Email campaigns are a cost-effective, important and highly effective tool for attracting new customers and maintaining your customer base. Although a considerable amount of junk mail (“spam”) finds its way into our inboxes every day, email remains one of our most important communication channels. But why is it that one email will be read and responded to while a hundred others are deleted unread or marked as spam?
Here are six of the most important steps you can take to improve your response rate.
1. Become a trend scout
Every industry always has buzzwords and trending topics that attract a lot of public attention. It doesn’t really matter whether these are hyped by the media, stage-managed by lobbyists, spread by competitors or highlighted thanks to changes in legislation. What is important is the momentum that’s already behind them. You don’t have to generate this yourself. All you need to do is capitalise on it – ride the wave of their success.
Like right now, for example:
Trending topic: Digitalisation in the EU / digital single market / WiFi4EU
2. Never underestimate the importance of the subject line
Do you enjoy writing subject lines? Most marketers don’t – but you should! If you devote time and creativity to doing this, you’ll already stand out from most of your competitors – and by doing so give yourself a clear edge.
Because headlines / subject lines are an important part of the text – they decide whether your direct mail campaign is read or deleted. So beware of banalities such as “Important info” or “News from XY”.
Instead be creative, ask questions, be provocative, even make jokes (within the boundaries of good taste) – but, whatever you do, make sure to arouse your reader’s curiosity.
Examples for our trending topic:
Are your citizens offline? – EU funding: could you be eligable too? – EU funds WLAN for [place name]

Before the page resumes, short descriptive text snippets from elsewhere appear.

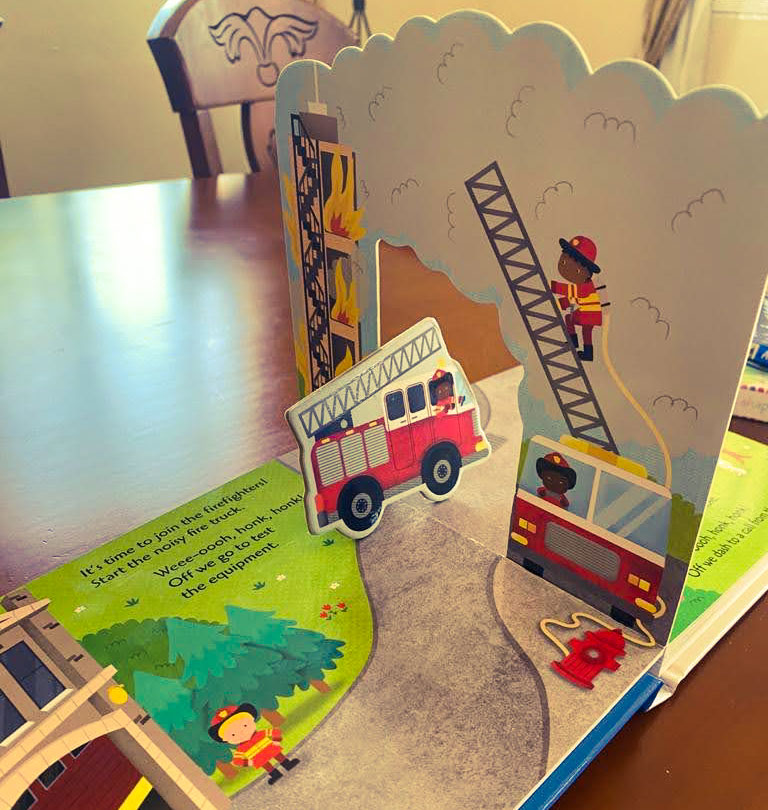 View inside a colourful children's book, with pop-up scenes and a fire engine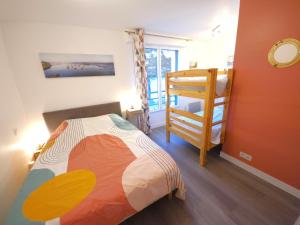 ein Schlafzimmer mit einem Bett und einem Etagenbett in der Unterkunft Résidence Brise de Mer - 1 in Port Nayalo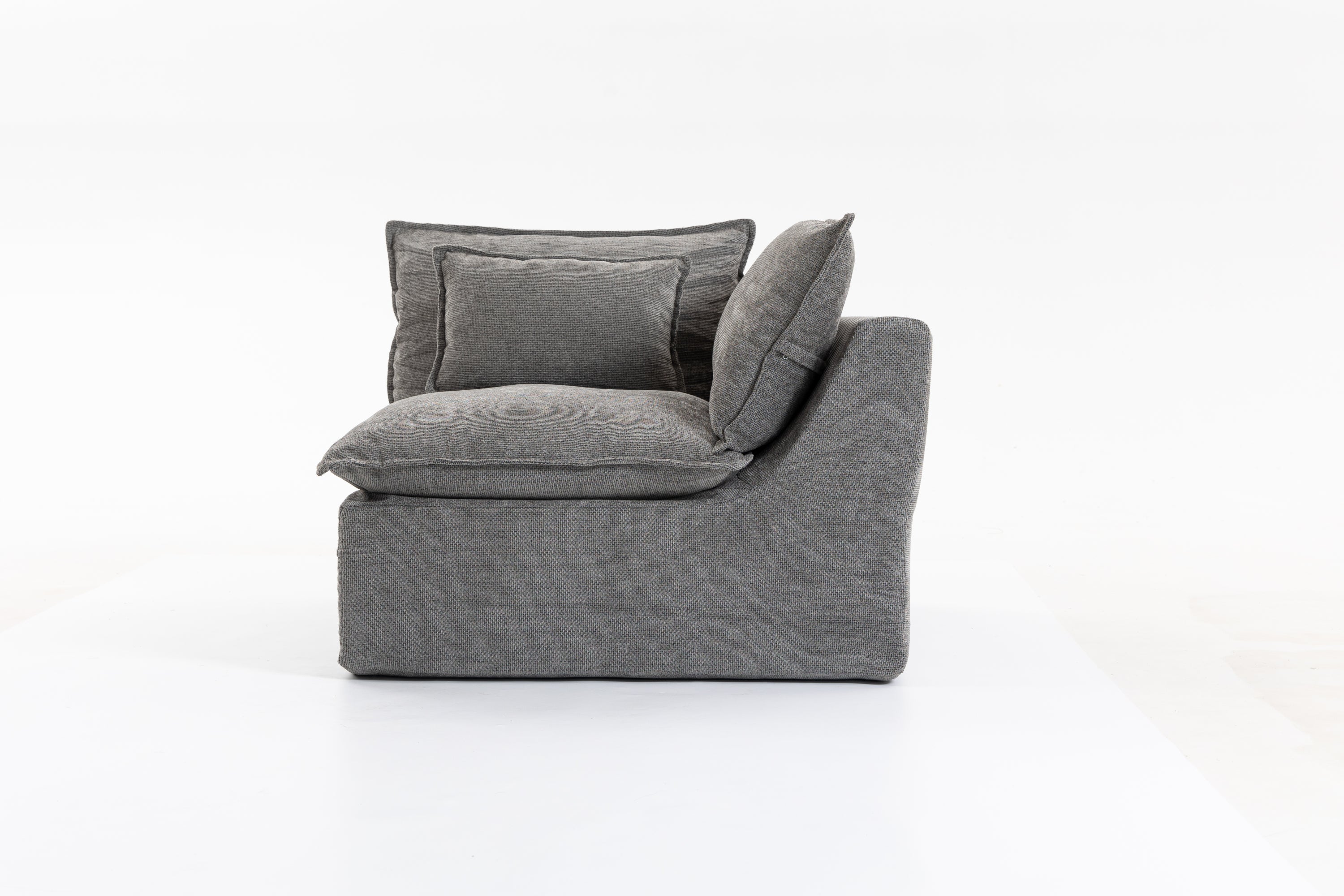 Side angle of the Cloud Couch modular sectional showing thick seat and back cushions in antique grey velvet.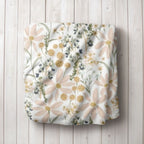 Daisy Floral-patterned blanket on a wooden surface. Daisy Baby Blanket - The Creative Raccoon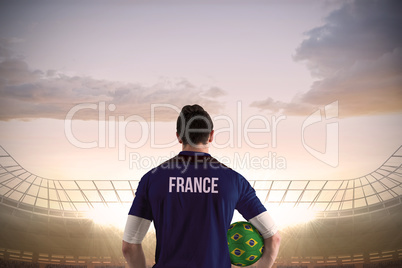 France football player holding ball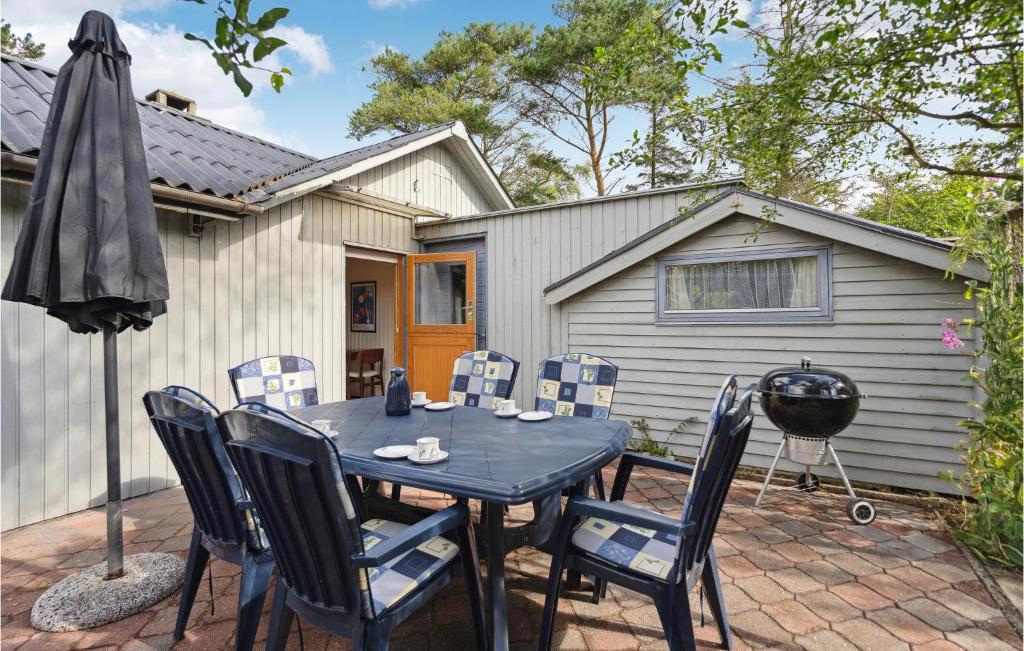 a patio with a table and chairs and an umbrella at Lovely Home In Hemmet With Wifi in Hemmet
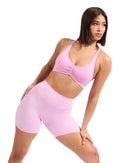 ORU HALTER SPORTS BRA pink nylon spandex blend with sweetheart neckline and adjustable back strap on female model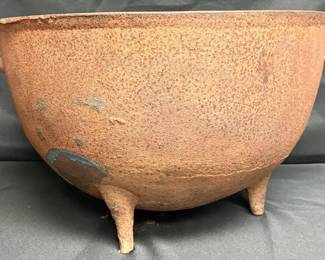antique castiron cauldron featuring three legs and side loop handles.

The same goes for headlines / bullet points:
Germany / Austria has some catching up to do: WLAN hotspots too few and far between
WLAN: Often faster and more stable than mobile telephony
WLAN hotspots for everyone – now EU funded
New funding for WLAN infrastructure – are you in?
3. Approach customers in a targeted manner
It’s probably happened to you: You receive spam emails from Eastern European women proposing marriage, but you’re actually a happily married woman, or you’re offered medication for menstrual cramps even though you’re a man.

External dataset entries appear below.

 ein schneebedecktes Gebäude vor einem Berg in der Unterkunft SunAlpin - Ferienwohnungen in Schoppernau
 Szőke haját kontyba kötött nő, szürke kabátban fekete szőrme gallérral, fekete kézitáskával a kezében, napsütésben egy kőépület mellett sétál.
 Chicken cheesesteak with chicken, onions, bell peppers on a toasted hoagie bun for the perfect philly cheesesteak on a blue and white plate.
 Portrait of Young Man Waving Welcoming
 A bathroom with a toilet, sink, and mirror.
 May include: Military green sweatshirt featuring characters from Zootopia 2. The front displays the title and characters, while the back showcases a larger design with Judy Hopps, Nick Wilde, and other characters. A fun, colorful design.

What is common practice on the consumer market is still far too frequent in the B2B sector: Emails are sent indiscriminately to large numbers of recipients, even though it doesn’t take a genius to realise that an Internet marketing agency doesn’t need SEO assistance for its own webpage, for example.
The most important and sustainable success factor in the B2B sector, and even more so in the field of services and value-added services, is a good customer relationship. In marketing, everything revolves around consistently working on building and strengthening relationships. Getting to know your customer as well as possible is a good place to start. That’s why you should carry out thorough online research to find out which customers might need the services you’re offering.

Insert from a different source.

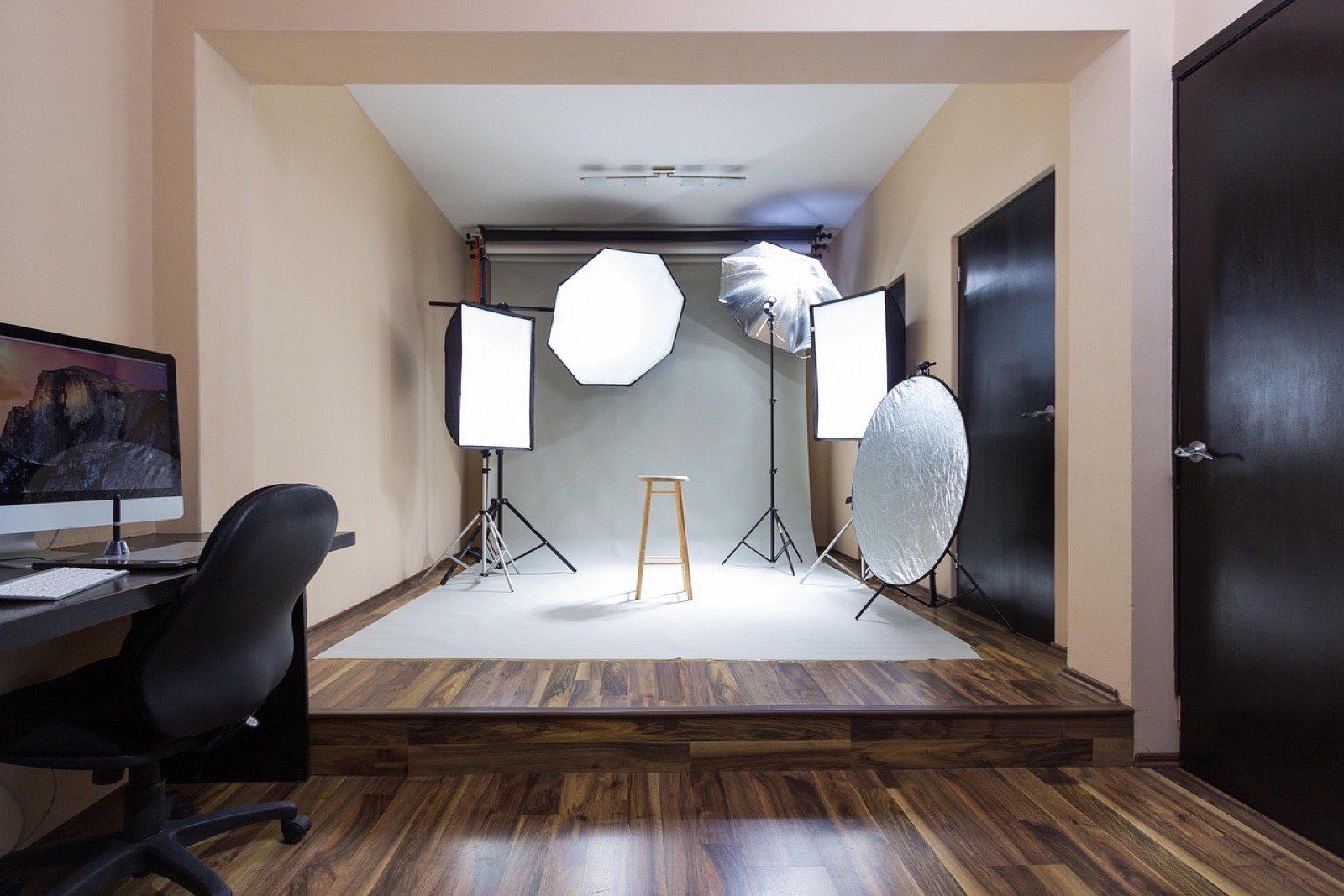 Estudio con fondo blanco, dos softboxes, un reflector redondo y un banco de madera al centro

Segment their email addresses accordingly and send targeted information. If possible, personalise the salutation. Make the approach personal, be engaging and show that you are serious about what you’re offering.
Most word processors have delivered this for a long time now, yet many providers limit themselves to the succinct “Dear Customer…”. But not you. You make sure that what you’re offering is interesting, at least in theory, and you also present yourself as a partner for whom the customer is not just a number.
If the customer’s needs are already being met elsewhere or they aren’t interested for other reasons, this isn’t a problem. At least they’ll notice that you’ve made a point of understanding them and their industry. Maybe they’ll remember you at a later date, a moment that could happen at any time. Renovations, extensions, new buildings, disagreements with a former partner, a new requirement that the predecessor cannot meet – if you’ve already established a relationship with the customer, sooner or later, you’ll reap the benefits.